SergeyKostrov · ‎10-22-2012

I always recommend to read Intel's article related to that subject: 'Consistency of Floating-Point Results using the Intel(R) Compiler' By Dr. Martyn J. Corden and David Kreitzer I could upload if you won't be able to find the article.

TimP · ‎10-22-2012

** Please take a look at these topics in MSDN: ** ...- /fp (Specify Floating-Point Behavior) ...- Floating Point Numbers ** Ways to control Floating Point Models ( modes ) are as follows: ** - C++ Compiler options /fp:[ precise | except | fast | strict ] - Precise, Except, Fast and Strict Floating Point models could be controlled in source codes using 'float_control' pragma directive: ...#pragma float_control ( precise, on ) ...#pragma float_control ( except, off ) ...#pragma float_control ( fast, off ) ...#pragma float_control ( strict, off ) - A set of CRT-functions '_control87', '_controlfp' and '__control87_2' allow to change Floating Point modes, like precision, rounding and infinity. You could also look at '_status87' and '_fpreset' CRT-functions.
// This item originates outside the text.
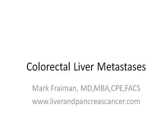Hi, I'm Dr. Mark Fryman, the Chief of Hepatobiliary and Pancreatic Surgery at St. Joseph Medical Center here in Towson, Maryland.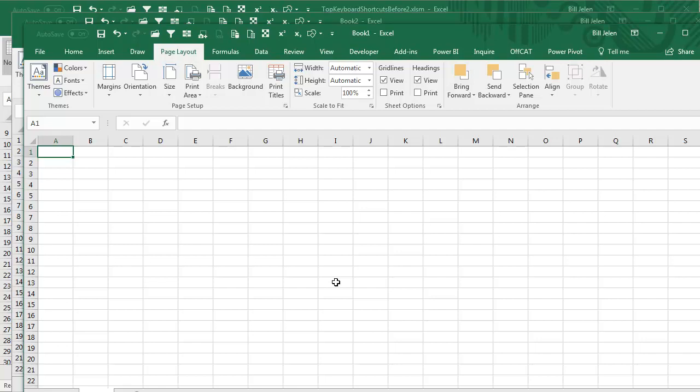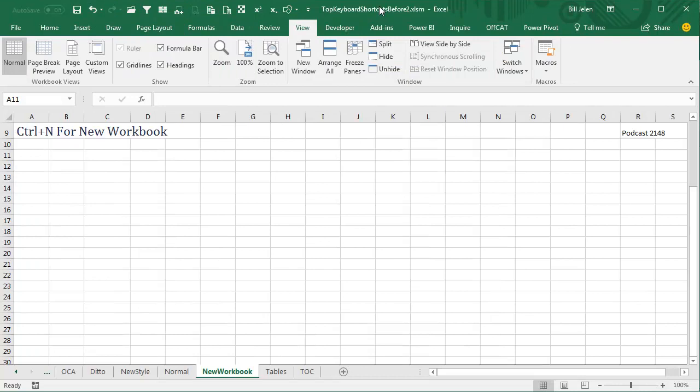Now, if you don't know how to set up book.xltx, I'll put a link up there in the top right-hand corner that will take you to the podcast that shows you how to set that up.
When I use '_control87' I always select default modes. - Application of SSE instructions in CRT-functions, like sin, cos, could be controlled with '_set_SSE2_enable' CRT-function. - Take into account that some features or functions are Microsoft / Intel C++ compilers specific. __control and 87 functions would have no effect on compilations in x64 mode or with /arch:SSE2 or AVX. I think Sergei means use of x86/ia32 mode without /arch: when he mentions using them with default options. Intel compilers have /fp:source as a rough equivalent to Microsoft /fp:fast. Yet, the Intel compilers make their more aggressive /fp:fast the default, while you must set /fp:fast to see competitive optimizations with MSVC (particularly in 32-bit mode). Intel Fortran interprets /fp:precise to be the same as /fp:source, but they are different for Intel C++. I used to think the differences between the Intel and MSVC interpretations were partly explained by auto-vectorization, but now VS2012 has some auto-vectorization (apparently not including vector reductions).